** Opening The data block **

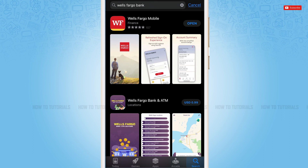Hope this video is fruitful for you all on how you can download and install the Wells Fargo mobile banking application on iPhone. Thank you.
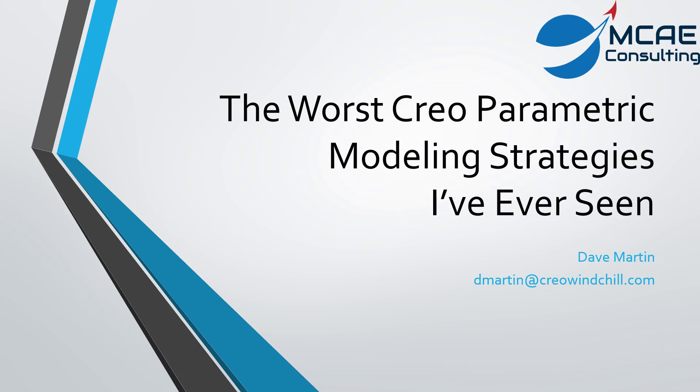I've been a Creo Parametric and Pro Engineer instructor, consultant, administrator, and end user for almost two decades now, and I've seen a lot of bad modeling in that time, but I just want to show you three bad to just totally atrocious modeling strategies I've seen.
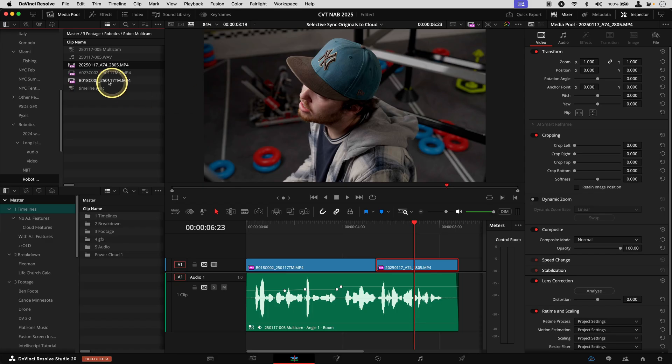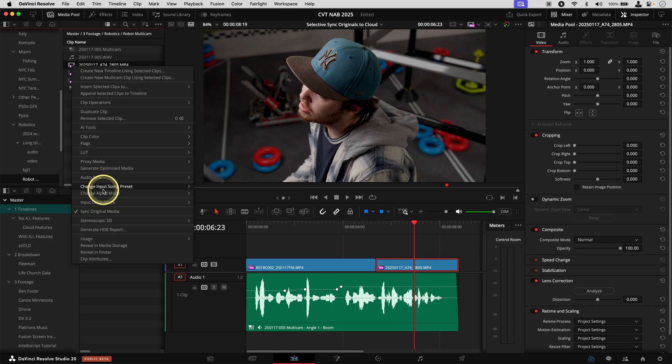So it's basically go to the bin, right click, choose Sync Original Media.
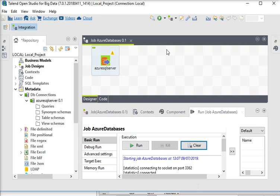So guys, there are some settings. First of all, you need an authorized IP address, then the connection string with the user credentials. You need an authorized IP to connect to the Azure SQL Server from Talend.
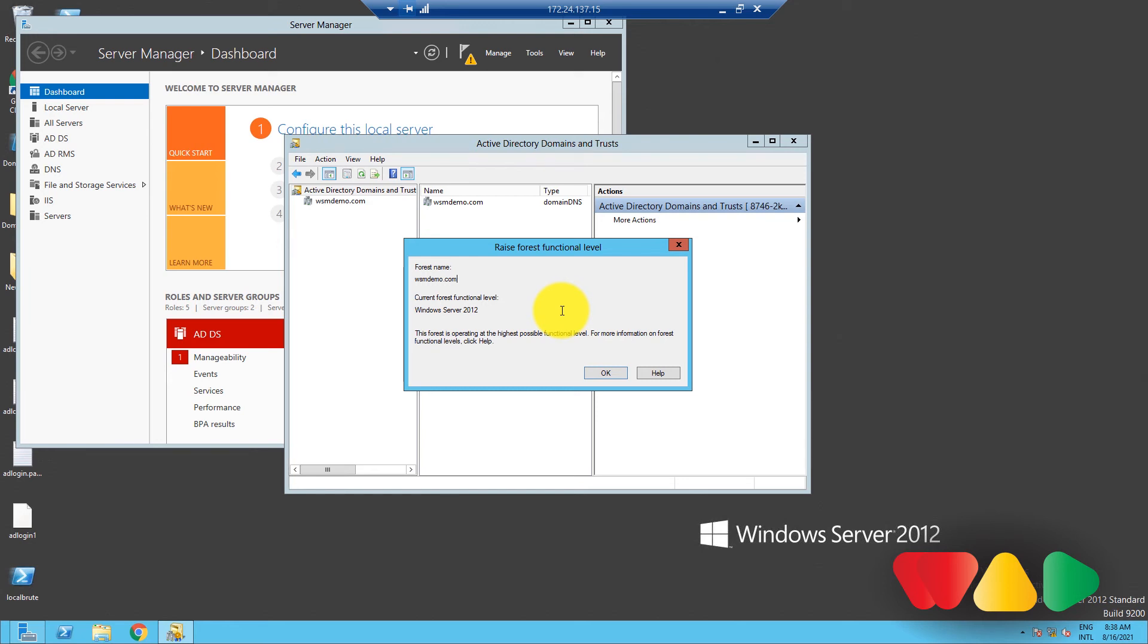You'll get a warning message—click OK and wait for the upgrade to finish. Your forest functional level should now be upgraded to Windows Server 2016. You can check and confirm whether the forest functional level has been raised.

** Closing The data block **

## [The problem]
Transcribe all the data word for word; the images stay out.

## [Task result]
Hope this video is fruitful for you all on how you can download and install the Wells Fargo mobile banking application on iPhone. Thank you.
I've been a Creo Parametric and Pro Engineer instructor, consultant, administrator, and end user for almost two decades now, and I've seen a lot of bad modeling in that time, but I just want to show you three bad to just totally atrocious modeling strategies I've seen.
So it's basically go to the bin, right click, choose Sync Original Media.
So guys, there are some settings. First of all, you need an authorized IP address, then the connection string with the user credentials. You need an authorized IP to connect to the Azure SQL Server from Talend.
You'll get a warning message—click OK and wait for the upgrade to finish. Your forest functional level should now be upgraded to Windows Server 2016. You can check and confirm whether the forest functional level has been raised.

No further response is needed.